Наиболее важным фактом диалектики является то, что она включает в себя науку об именах. Хороший диалектик пришел к тому, чтобы смотреть на мир как на один из вариантов, и он научился избегать этой роковой ловушки для многих в наши дни, изгнания .середины. Для него это не мир безымянных вещей, которые можно прагматически скомбинировать в любую схему. Из-за этой неспособности настаивать на отсутствии компромисса в определении и устранении проблем происходит большинство наших заблуждений. Наше чувство непонимания мира и наше чувство нравственной беспомощности следует прямо отнести к чрезвычайно подрывной кампании, направленной на ослабление веры во всякое предсказание. Необходимость логической правильности названий перестает признаваться. Пока мир не осознает, что «хорошее» не может быть применено к одной вещи, потому что она наша, и «плохое» к той же самой вещи, потому что она чужая, нет никакой перспективы реализовать общность. Диалектика приходит нам на помощь как метод. с помощью которого, после того как наши предположения были сделаны, мы можем привести наш дом в порядок.

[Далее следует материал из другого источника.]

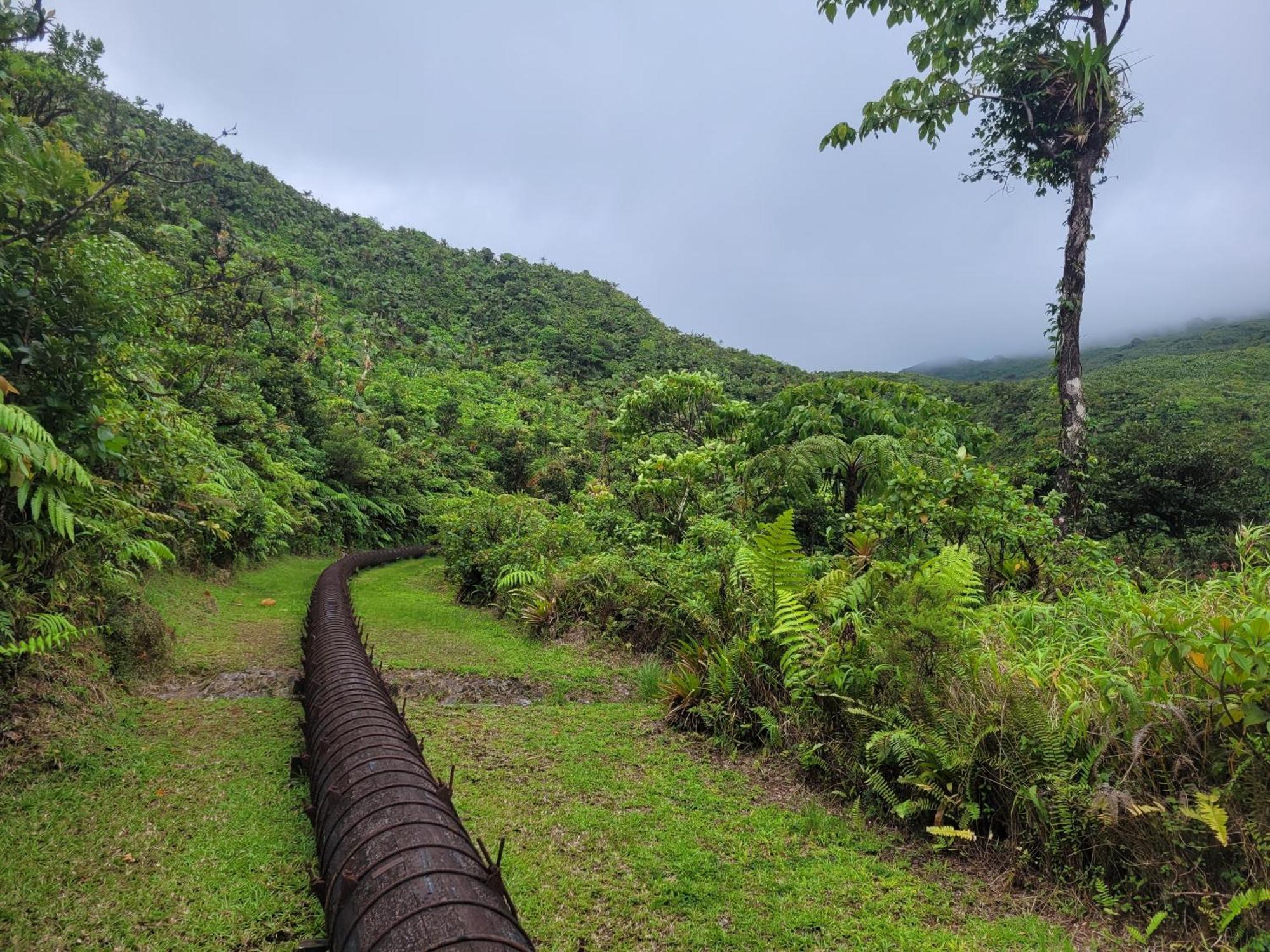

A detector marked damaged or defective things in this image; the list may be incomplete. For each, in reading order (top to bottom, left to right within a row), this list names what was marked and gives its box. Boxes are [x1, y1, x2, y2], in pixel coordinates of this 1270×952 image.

rusty metal pipe [300, 548, 533, 949]
brown rusted surface [300, 551, 533, 952]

Я уверен, что именно поэтому Платон в «Кратиле» называет дающего имена законодателем. Имя, если использовать его концепцию, есть «орудие обучения и различения природ». Но если мы хотим избежать путаницы, создатель имен, который является законодателем, не может действовать без диалектики: «И работа законодателя состоит в том, чтобы давать имена, и диалектик должен быть его руководителем, если имена должны быть даны правильно». Платон видит здесь, что имянаречение и законодательство являются родственными средствами осуществления порядка. Действительно устойчивые законы требуют стабильного словаря, ибо главной частью любого судебного процесса является определение или решение о правильном названии действия. Таким образом, магистраты государство обязано следить за тем, чтобы имена не изменялись безответственно.
В диалектике ученик получит тренировку в определении, которая заставит его видеть ограничение и противоречие, две вещи, в отношении которых философия прогресса оставляет его в наибольшем замешательстве. По сути, он получит тренировку мышления, тогда как лучшее, что он получает сейчас, - это смутное наставление думать самостоятельно. Здесь, таким образом, призыв к новой оценке языка - возможно, даже к уважению к словам как к вещам. Здесь открывается возможность для образования сделать нечто большее, чем его обычный призыв к «духовному возрождению», что само по себе является поощрением расплывчатости и бесцельности. Если мир останется космосом, нам придется применить на практике закон, который в начале был словом.